» **PROBLEM TO WORK ON**:
These records are to be written out exactly as they read, minus the pictures.
◇ ◇ ◇ ◇ ◇
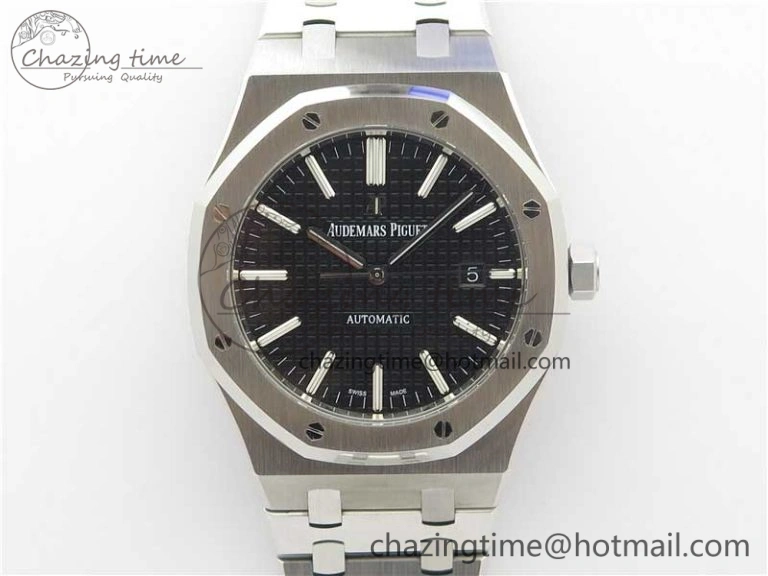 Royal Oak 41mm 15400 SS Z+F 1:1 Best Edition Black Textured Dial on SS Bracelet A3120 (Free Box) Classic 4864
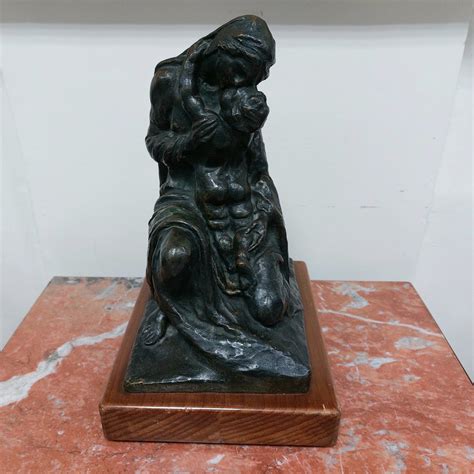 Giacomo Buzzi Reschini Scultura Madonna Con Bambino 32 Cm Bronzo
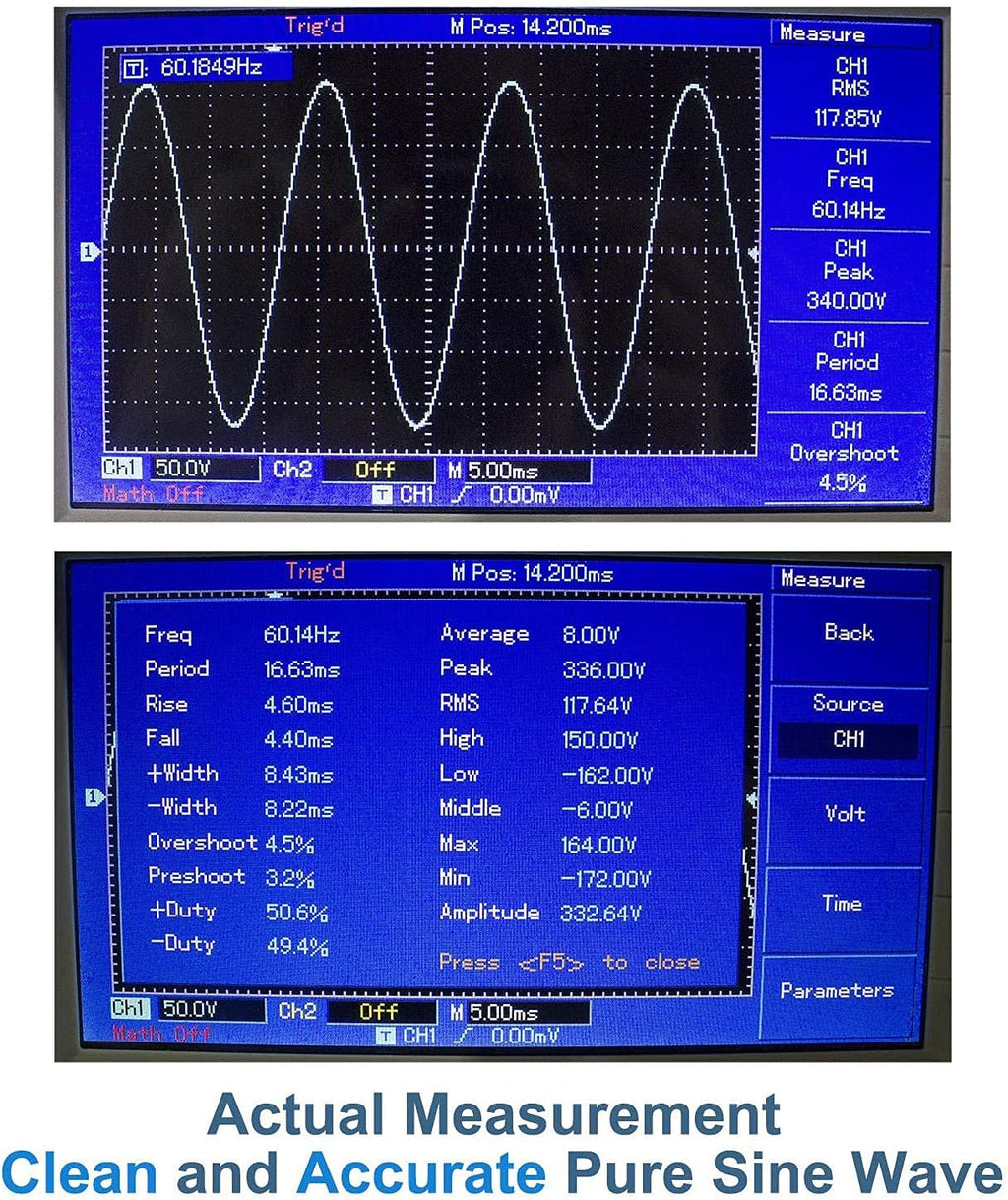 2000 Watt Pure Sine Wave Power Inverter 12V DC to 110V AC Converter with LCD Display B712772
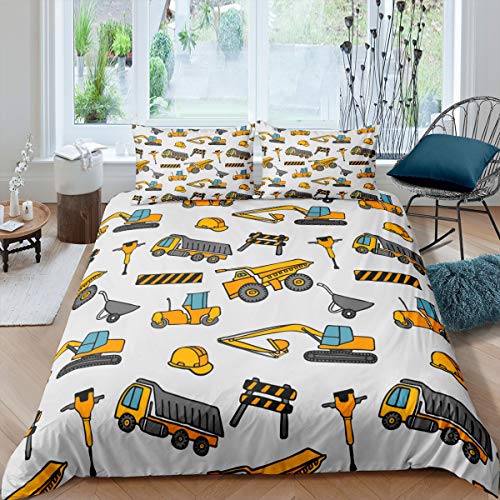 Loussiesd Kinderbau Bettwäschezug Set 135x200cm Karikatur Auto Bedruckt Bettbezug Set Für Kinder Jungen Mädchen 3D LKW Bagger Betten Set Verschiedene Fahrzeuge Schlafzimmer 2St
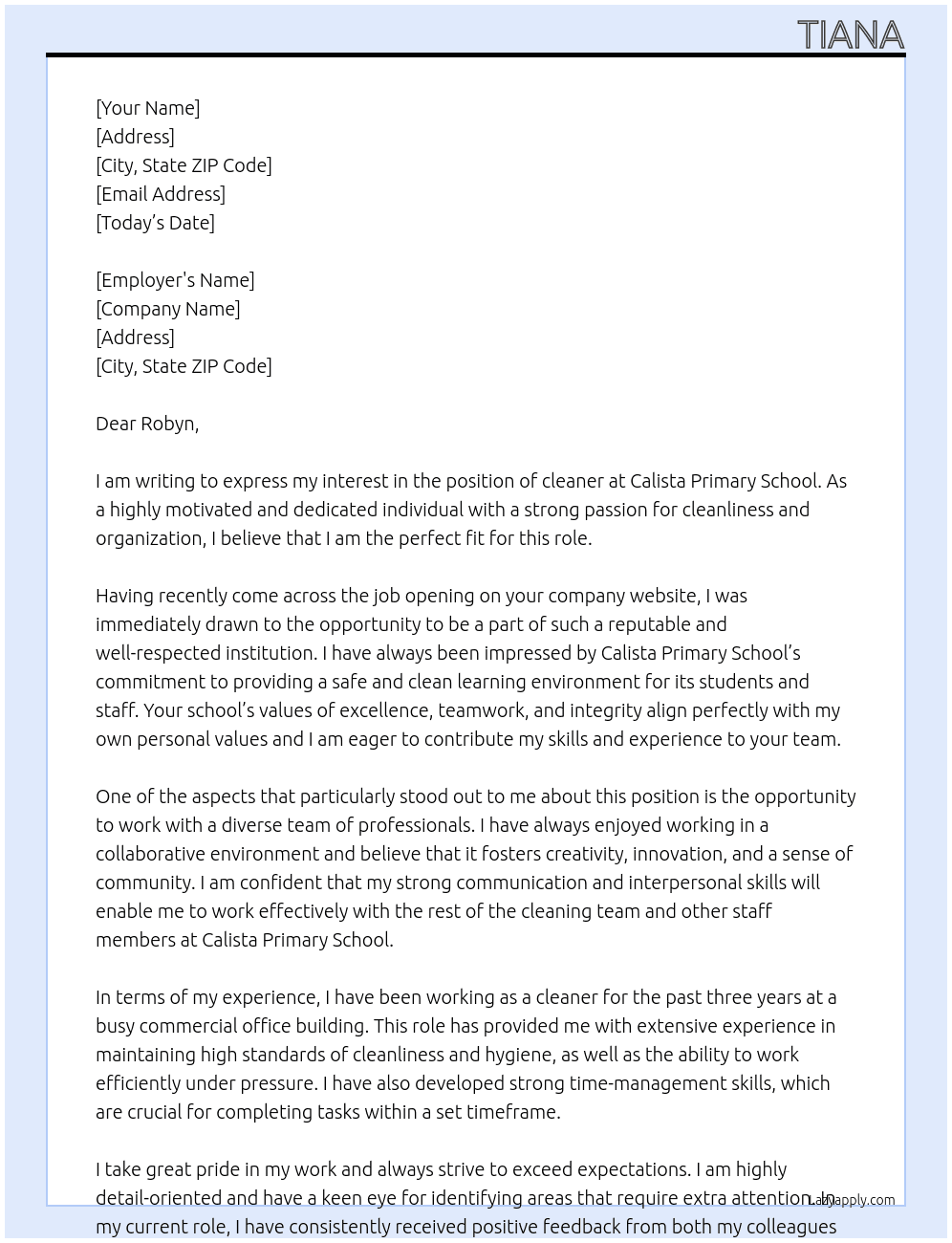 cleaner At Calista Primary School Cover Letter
◇ ◇ ◇ ◇ ◇
» **ANSWER TO THIS EXERCISE**:
 Royal Oak 41mm 15400 SS Z+F 1:1 Best Edition Black Textured Dial on SS Bracelet A3120 (Free Box) Classic 4864
 Giacomo Buzzi Reschini Scultura Madonna Con Bambino 32 Cm Bronzo
 2000 Watt Pure Sine Wave Power Inverter 12V DC to 110V AC Converter with LCD Display B712772
 Loussiesd Kinderbau Bettwäschezug Set 135x200cm Karikatur Auto Bedruckt Bettbezug Set Für Kinder Jungen Mädchen 3D LKW Bagger Betten Set Verschiedene Fahrzeuge Schlafzimmer 2St
 cleaner At Calista Primary School Cover Letter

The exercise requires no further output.